Bought my kit, need help.

SgtWookie

Joined Jul 17, 2007
22,230
A question- Ive been playing with the kit for a while now, and I have discovered that when I tap the board right by the 555 timer, it moves to the next LED in the sequence. When you fry a chip, what happens to the circut with the chip?
It can suffer in a number of different ways.

Holding heat on a pin for too long is one easy way to kill an IC. If it doesn't take solder after ~3 seconds, then your iron is dirty, tip is loose, iron not hot enough, or your parts/pads are not clean. Holding the iron on a part and pouring on the solder just won't help things at all.
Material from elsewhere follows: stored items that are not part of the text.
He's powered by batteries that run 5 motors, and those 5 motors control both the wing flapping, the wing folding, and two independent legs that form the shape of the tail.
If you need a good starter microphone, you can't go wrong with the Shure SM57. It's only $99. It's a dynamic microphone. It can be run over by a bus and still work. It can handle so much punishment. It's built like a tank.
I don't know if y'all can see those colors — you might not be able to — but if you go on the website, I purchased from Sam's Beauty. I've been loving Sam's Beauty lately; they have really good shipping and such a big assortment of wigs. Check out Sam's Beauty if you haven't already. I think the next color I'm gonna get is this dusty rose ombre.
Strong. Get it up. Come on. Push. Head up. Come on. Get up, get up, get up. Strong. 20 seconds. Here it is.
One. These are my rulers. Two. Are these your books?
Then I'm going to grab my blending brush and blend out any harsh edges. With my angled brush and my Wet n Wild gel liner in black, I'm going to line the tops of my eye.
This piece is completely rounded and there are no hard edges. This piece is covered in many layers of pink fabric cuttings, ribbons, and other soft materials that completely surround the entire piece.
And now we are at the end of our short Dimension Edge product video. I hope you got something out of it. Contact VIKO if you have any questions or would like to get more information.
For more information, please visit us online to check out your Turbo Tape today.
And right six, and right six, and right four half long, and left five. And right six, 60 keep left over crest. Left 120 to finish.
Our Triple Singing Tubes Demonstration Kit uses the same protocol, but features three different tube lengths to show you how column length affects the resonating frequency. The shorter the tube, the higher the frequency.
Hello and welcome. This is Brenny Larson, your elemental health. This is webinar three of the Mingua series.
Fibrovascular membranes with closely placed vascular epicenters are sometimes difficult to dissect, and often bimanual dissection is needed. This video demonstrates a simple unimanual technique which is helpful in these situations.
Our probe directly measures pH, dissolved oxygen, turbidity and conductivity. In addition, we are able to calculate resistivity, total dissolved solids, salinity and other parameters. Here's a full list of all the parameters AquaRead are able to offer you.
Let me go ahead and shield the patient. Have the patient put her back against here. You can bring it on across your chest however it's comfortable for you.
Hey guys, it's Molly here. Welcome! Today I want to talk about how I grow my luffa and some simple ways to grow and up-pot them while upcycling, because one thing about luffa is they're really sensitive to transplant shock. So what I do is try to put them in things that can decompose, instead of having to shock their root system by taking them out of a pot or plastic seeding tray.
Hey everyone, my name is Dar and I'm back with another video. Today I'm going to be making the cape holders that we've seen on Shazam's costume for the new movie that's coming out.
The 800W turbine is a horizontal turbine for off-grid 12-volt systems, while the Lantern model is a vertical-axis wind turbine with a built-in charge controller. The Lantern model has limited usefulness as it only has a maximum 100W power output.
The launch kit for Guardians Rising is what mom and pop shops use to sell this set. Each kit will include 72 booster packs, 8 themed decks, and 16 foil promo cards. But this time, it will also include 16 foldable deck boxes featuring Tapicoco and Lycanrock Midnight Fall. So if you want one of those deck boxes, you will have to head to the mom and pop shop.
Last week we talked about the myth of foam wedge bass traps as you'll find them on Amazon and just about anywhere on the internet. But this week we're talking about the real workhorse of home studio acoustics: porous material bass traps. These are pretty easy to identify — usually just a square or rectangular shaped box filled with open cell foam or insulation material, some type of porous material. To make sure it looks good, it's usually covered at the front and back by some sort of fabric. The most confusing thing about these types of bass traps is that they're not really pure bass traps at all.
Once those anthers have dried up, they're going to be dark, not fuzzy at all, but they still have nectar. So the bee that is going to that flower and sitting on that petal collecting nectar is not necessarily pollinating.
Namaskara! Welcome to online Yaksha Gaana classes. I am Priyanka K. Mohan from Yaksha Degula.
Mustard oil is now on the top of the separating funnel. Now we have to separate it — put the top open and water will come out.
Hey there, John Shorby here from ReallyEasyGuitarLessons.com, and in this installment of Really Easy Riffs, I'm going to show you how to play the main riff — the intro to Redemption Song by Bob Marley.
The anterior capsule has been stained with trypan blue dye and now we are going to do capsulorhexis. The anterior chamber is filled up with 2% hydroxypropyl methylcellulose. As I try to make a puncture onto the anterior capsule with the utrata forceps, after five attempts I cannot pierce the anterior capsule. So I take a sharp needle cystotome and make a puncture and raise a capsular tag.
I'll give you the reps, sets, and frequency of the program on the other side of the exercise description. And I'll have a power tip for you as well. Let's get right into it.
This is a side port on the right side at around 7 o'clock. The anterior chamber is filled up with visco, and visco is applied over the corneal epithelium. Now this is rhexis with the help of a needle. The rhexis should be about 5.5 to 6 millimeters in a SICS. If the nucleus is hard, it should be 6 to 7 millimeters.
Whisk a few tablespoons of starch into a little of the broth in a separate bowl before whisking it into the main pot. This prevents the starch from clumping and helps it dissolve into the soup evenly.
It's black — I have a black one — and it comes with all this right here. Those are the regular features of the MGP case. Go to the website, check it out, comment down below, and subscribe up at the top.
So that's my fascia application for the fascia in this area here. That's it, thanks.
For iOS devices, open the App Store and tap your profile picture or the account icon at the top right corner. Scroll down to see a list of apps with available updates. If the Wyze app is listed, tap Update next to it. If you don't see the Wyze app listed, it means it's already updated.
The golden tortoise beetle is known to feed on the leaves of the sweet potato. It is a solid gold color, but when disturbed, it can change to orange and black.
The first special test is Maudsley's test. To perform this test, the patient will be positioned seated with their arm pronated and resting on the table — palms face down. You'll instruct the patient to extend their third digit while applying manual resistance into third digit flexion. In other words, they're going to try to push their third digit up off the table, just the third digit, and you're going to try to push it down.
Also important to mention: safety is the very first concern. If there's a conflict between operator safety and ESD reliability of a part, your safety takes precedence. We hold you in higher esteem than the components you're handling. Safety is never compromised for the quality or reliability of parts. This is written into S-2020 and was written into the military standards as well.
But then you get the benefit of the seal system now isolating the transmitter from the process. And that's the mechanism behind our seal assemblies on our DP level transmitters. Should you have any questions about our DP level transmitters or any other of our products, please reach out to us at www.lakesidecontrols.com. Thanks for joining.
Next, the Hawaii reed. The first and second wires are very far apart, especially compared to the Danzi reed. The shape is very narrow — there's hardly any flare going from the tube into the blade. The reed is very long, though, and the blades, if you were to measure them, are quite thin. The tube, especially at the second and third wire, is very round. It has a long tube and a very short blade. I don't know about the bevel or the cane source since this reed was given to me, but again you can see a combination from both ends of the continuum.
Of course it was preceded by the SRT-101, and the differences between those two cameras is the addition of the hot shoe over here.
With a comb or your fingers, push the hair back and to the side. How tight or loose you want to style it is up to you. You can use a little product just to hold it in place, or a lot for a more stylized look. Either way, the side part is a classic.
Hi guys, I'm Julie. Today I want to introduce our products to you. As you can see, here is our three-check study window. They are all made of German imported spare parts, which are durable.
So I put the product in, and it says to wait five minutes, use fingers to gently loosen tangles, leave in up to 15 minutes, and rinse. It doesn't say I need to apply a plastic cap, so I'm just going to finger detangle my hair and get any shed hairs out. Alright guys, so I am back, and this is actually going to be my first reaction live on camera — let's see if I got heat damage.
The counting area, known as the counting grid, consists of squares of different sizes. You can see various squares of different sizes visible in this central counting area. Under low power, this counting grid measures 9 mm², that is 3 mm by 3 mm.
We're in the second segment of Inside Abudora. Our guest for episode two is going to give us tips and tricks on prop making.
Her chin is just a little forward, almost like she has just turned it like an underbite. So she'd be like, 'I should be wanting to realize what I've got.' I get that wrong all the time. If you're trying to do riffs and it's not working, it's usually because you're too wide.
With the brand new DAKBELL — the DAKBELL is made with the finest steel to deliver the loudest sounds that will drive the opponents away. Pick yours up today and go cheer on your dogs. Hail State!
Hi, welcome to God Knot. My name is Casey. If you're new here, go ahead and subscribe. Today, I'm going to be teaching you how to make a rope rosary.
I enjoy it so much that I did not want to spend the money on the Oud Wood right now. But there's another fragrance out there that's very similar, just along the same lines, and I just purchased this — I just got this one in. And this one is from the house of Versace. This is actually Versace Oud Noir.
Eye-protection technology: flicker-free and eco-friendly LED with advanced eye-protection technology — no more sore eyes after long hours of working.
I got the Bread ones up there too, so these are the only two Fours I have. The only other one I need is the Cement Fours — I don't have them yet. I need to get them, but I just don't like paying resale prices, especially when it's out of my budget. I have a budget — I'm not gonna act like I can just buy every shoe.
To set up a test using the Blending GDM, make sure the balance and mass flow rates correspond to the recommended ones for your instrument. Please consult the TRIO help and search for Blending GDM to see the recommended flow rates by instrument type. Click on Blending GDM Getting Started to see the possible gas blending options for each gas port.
If you are certain the soldering on the 555 is good, then you may have overheated it enough for a substrate bonding wire to pop. Replace the 555 with a new one and see if that takes care of it.
 

Wendy

Joined Mar 24, 2008
23,421
While not for everything, I like to use IC sockets when I can. I got into the habit from my early days of kit building, for basically the same reasons you are fighting.
 

Audioguru

Joined Dec 20, 2007
11,248
I used IC sockets for nearly all the projects I built and sold during my electronics career.
But I never had to replace an IC!

I had tens of thousands of an equalizer project built, tested and sold without IC sockets.
Two had a problem. One had the IC installed backwards and the other had a defective supply bypass electolytic capacitor. Tens of thousands of TL074 quad opamps on them were fine and I am glad that I didn't use sockets (therefore the last few production runs used surface-mount ICs which also produced no problems).
 

Thread Starter

Joeyvenkman

Joined Nov 19, 2011
15
Sorry I havent posted in forever guys. But for christmas, I did actually acquire a Radioshack DMM, along with other electronic goodies. I am certain that my soldering on the 555 and 4017 is good. Now, where should I test on the 555? Thanks!
 

Audioguru

Joined Dec 20, 2007
11,248
At my last job I needed a good DMM but the one used by the company was defective. So I bought a Fluke fairly expensive one. I still have it many years later and it still works perfectly.
My boss said my Fluke was too expensive so he bought a fairly expensive DMM from RadioShack that costed less than mine. It failed in one week, RadioShack couldn't repair it and had no replacement.